Tentu saja, keinginan untuk mendapatkan hak melakukan kawin sejenis ditentang oleh seluruh pemuka agama. KH Ma’ruf Amin, Ketua Komisi Fatwa MUI, menganggapnya lebih buruk dari zina.
Mungkin karena menyadari posisinya yang sulit diterima oleh ormas Islam para pemuka agama, Arus Pelangi, demi memperjuangkan hak anggotanya melakukan perkawinan, mendesak agar dilakukan revisi terhadap UU Anti Diskrimansi. Menurutnya, perkawinan adalah bagian dari administrasi kenegaraan, bukan agama. Namun sewjumlah para pakar Hukum positif pun menolaknya, karena perkawinan tidak bisa dipisahkan sepenuhnya dari persoalan agama.
Terlepas dari kontroversi itu, benarkah tidak ada solusi hukum selain fatwa haram?
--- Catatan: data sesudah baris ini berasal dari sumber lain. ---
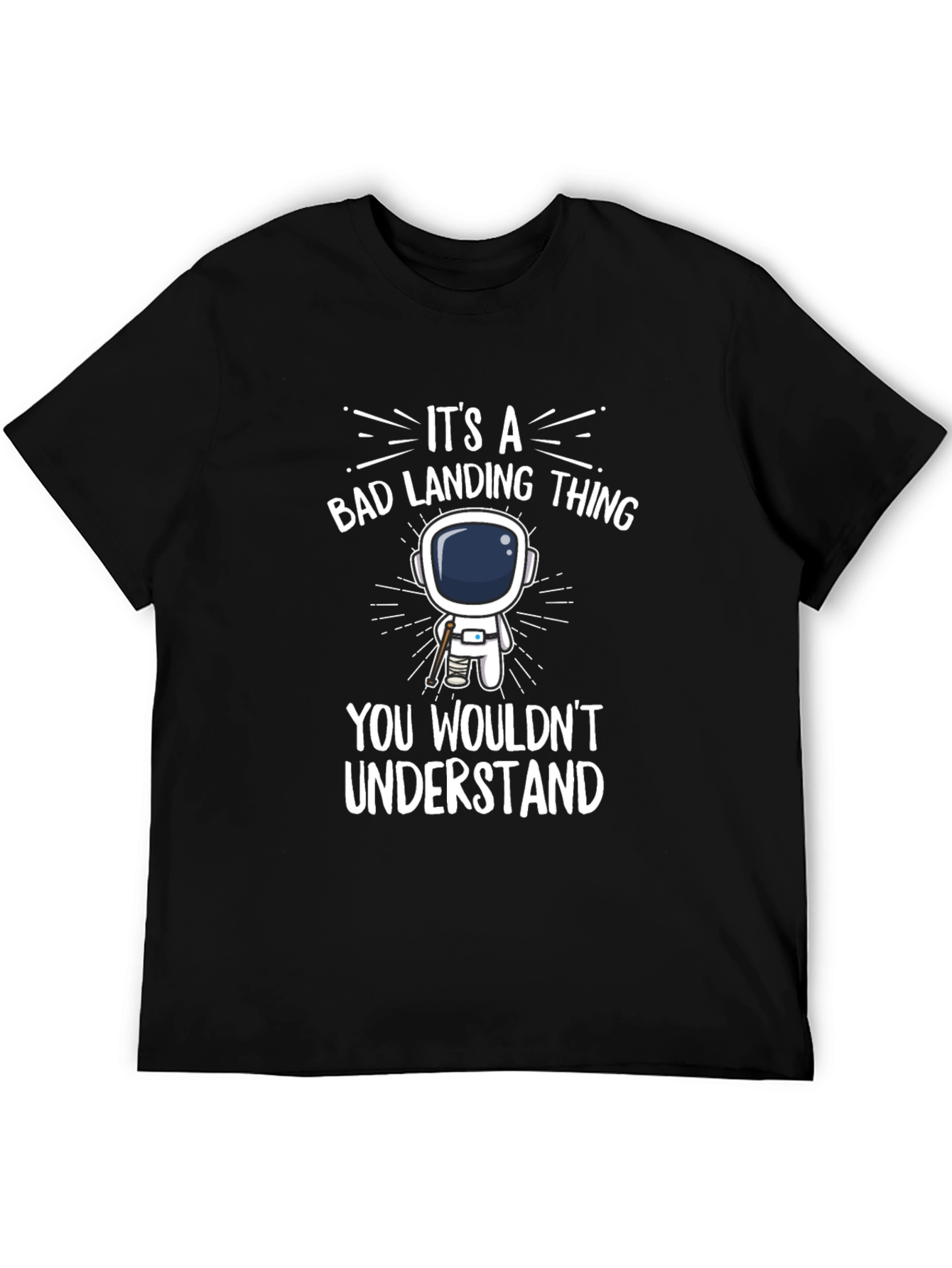 Black Bad Landing Thing Astronaut T-Shirt view 5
Tidakkah perlu dilakukan klasifikasi yang komprehensif terhadap persoalan ini, misalnya antara yang menjadi waria karena faktor internal (bawaan, genetik, hormonal) dan waria karena faktor eksternal (akibat gaya hidup atau trauma pelecehan seskual dan lainnya) agar hukum agama tidak terkesan diskrimantif dan tidak akomodatif? Samakah gay, yang memang ingin berhubungan badan dengan sesama pria, dengan waria yang ingin diperlakukan sebagai wanita oleh pria? Samakah kecenderungan dengan hasrat seksual? Bagaimanakah kedudukan hukum agama terhadap ganti kelamin?
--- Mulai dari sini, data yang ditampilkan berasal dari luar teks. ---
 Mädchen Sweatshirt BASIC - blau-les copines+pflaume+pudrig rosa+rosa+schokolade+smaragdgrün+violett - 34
Mungkin sudah tiba saatnya, digagas sebuah fikih rasional dan kontekstual yang tetap mengedepankan ayat-ayat muhkamat dan ijtihad-ijtihad yang digali dari sumber-sumber utama Islam. Yang juga mungkin perlu dilakukan oleh para ulama, terutama yang berada dalam lembaga keulamaan, memperluas area eksplorasi terhadap sumber-sumber alternatif fikih, dengan misalnya, mempertimbangkan pendapat ulama-ulama dari kalangan non Sunni, seperti Syiah dan Zaidiyah, bahkan dari kalangan modernis. Perluasan area eksplorasi fikih ini tentu tidak serta merta mengubah pandangan fikih tradisional (salaf), apalagi yang bersifat prinsipal.
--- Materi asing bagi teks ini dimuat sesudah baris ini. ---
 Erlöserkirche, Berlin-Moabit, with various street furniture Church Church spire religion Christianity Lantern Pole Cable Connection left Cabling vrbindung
Pengayaan wawasan fikih bisa dilakukan melalui mekanisme dialog yang komprhensif yang dihadiri oleh seluruh pakar fikih semua mazhab.
Bagaimanapun, ide demikian tidak akan terealisir dan harapan akan terbitnya sebuah fikih yang adil akan kandas apabila fanatisme sektarian dan kecurigaan terhadap mazhab lain masih belum lenyap. Karenanya, langkah pertama yang harus diambil adalah membangun rasa saling percaya antar ulama mazhab Islam.
Secara teologis, pengubahan kelamin, tidak dianggap sebagai tindakan mengubah ciptaan Tuhan, karena apapun yang terjadi dalam proses kemakhlukan di dunia ini, berada dalam koridor sistem penciptaan-Nya. Karena itulah, mengubah bentuk rambut, dengan memotongnya, tidak serta merta dianggap sebagai tindakan mengubah ciptaan Allah.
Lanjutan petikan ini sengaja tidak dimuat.